Sans doute, Dieu fut-il en aide à nos sauveteurs, car la première chaloupe parvint jusqu’à nous. Non sans difficultés, nous y fîmes descendre femmes et enfants. La deuxième embarcation nous atteignit aussi et prit les autres passagers. Nous nous rendions bien compte que tout l’équipage ne pourrait trouver place dans la troisième chaloupe. Parmi nous, quelques-uns devraient se sacrifier, pour les autres. Le bateau s’enfonçait toujours. il ne pourrait tenir assez longtemps à la surface pour qu’on puisse espérer le retour de la première embarcation. Sans dire un mot, nous tirâmes au sort pour savoir qui devait rester. Moment terrible entre tous. Le malheur voulut que je fusse désigné avec quinze camarades pour demeurer sur le bateau en perdition. J’étais voué à la mort… et à la damnation.

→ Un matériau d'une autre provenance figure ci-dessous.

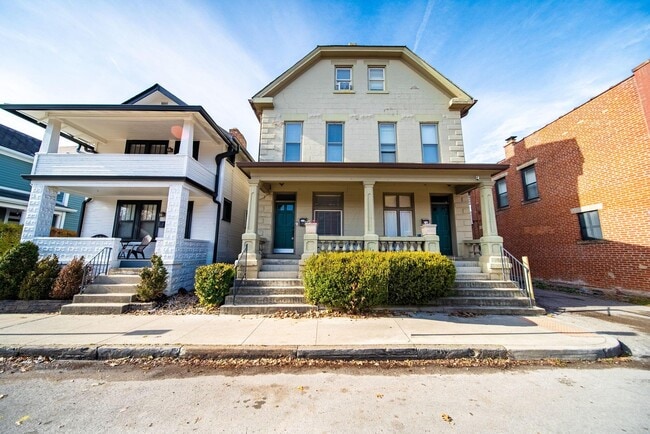 Primary Photo - 1153 Jaeger St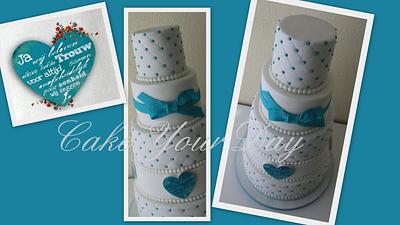 'Something blue' Wedding Cake. - Cake by Cake Your Day (Susana van Welbergen)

Je le réalisai soudain, car toute ma vie sans Dieu passait devant mes yeux. Ce fut affreux. Pourtant, je sus rester calme, imperturbable et personne ne soupçonna mon angoisse.

Sur ce même bateau j’avais un copain qui aimait Jésus. Souvent il m’avait parlé de sa joie, de son Sauveur… et de mon âme perdue. Chaque fois que je l’entendais discourir de ces choses, je ricanais férocement. A présent, je ne pouvais même pas lui demander de prier pour moi. Une chose m’étonnait pourtant : il ne me parlait pas du Sauveur maintenant que j’étais troublé. Je devais comprendre plus tard.

Son visage restait calme, illuminé d’une étrange lueur. Avec amertume, je me disais : « Il peut sourire… son lot, à lui, c’est d’aller dans le bateau. Il n’est pas parmi les sacrifiés… » Cher vieux Georges ! comme je me trompais sur ton compte !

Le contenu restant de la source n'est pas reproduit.